Publié à l'origine sur la Bourse au quotidien.fr
Le mois de février va s’achever au plus haut, à l’issue de la plus formidable poussée haussière jamais enregistrée depuis 1987.
J’ai consacré une bonne partie de ma dernière lettre mensuelle (si vous souhaitez connaître tout le détail de mon analyse, cliquez ici) à démontrer que les marchés actions succombent à un mouvement perpétuel algorithmique et qui est lié au fait que les banques centrales sont – sans doute définitivement – prisonnières du piège de la dette.
Elles ont pourtant consenti des efforts démesurés depuis deux ou trois ans pour laisser croire qu’après la mise en place de mesures exceptionnelles puis « extraordinaires » (comme les « OMO », « Open Market Operations », pour la FED ou les « TLTRO » pour la BCE), il était possible de revenir à une forme de normalité.
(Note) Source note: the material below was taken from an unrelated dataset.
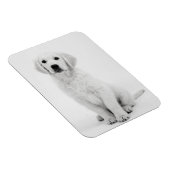Golden Retriever i Magneet (Rechterzijde)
Vous savez à quel point ce simulacre de normalisation nous a fourni matière à de multiples sarcasmes, mais tant qu’il y avait des (riches et influents) naïfs pour y croire, ou des marchés faisant mine d’y croire, nous prêchions un peu dans le désert.
Eh bien, en ce jeudi 28 février, nous sommes fiers de pouvoir affirmer – sans risque d’être dorénavant contredits – que vous pouvez oublier toutes ces fadaises concernant la « normalisation » et autre retour à des stratégies orthodoxes par les banques centrales : cela n’arrivera pas !
L’issue du Brexit reste impossible à déterminer
C’est Jerome Powell lui-même qui l’a confirmé devant la commission financière du Congrès en annonçant une modification du programme de réduction graduelle du bilan de la Réserve fédérale américaine. Au vu des projections macroéconomiques, celui-ci sera fortement réduit, voire arrêté.
Selon les dires du président de la FED, un retour aux niveaux d’encours de l’avant-crise n’est désormais « pas possible ». C’est officiel.
D’aucuns pourraient se demander si l’institution a aujourd’hui une stratégie. Pour ma part, j’en doute fortement, voyant dans ce renoncement l’aveu d’une navigation à vue et d’une obéissance aux injonctions des marchés. Jerome Powell a du reste reconnu que ses collègues et lui demeuraient « data dependent » et attentifs à l’évolution des marchés, c’est-à-dire enclins à sortir la seringue à liquidités au cas où Wall Street se plaindrait de douleurs liées à une déshydratation passagère.
La FED ne sait donc pas où elle va, mais elle n’est pas la seule : l’autre grand questionnement des investisseurs, c’est la trajectoire que prend le Brexit, mais quelle trajectoire ? Plus personne n’en sait rien !
Theresa May va proposer un vote le 13 mars pour ou contre un « no deal ». En cas de refus de celui-ci, un autre scrutin sera organisé pour repousser le Brexit de deux ans, soit à horizon 2021… cinq ans après le référendum.
De leur côté, les travaillistes de Jeremy Corbyn ne sont plus hostiles à revoter sur le Brexit lui-même dans la mesure où le règlement de la question de la frontière irlandaise semble insoluble.
Mais malgré tout ce qui précède, les indices boursiers continuent, imperturbables, de pousser à la hausse, comme si le réel n’avait plus aucune emprise.
Le Nasdaq a ainsi aligné mercredi une onzième séance de hausse sur une série de treize, et a de surcroît inscrit son second meilleur score intraday de l’année 2019.
En clôture, le future du S&P500 affichait par ailleurs un gain de 0,15% à 2 795 points, soit une progression de 10% sur le seul mois de février et une 36ème séance au-dessus de sa moyenne mobile à dix jours (huit semaines, incluant les jours fériés). Il s’agit du plus long épisode de ce type depuis 2009 (43 séances, soit huit semaines et demi).
Ainsi les marchés semblent-ils refléter l’exécution d’un programme tout droit sorti de la quatrième dimension.
Car oui, il s’agit bel et bien d’un programme : celui qui consiste pour les entreprises cotées à racheter 840 Mds$ de leurs propres titres d’ici fin 2019 (70 Mds$ par mois), en déconnexion quasi-systématique avec les fondamentaux et avec comme seule origine des motifs fiscaux.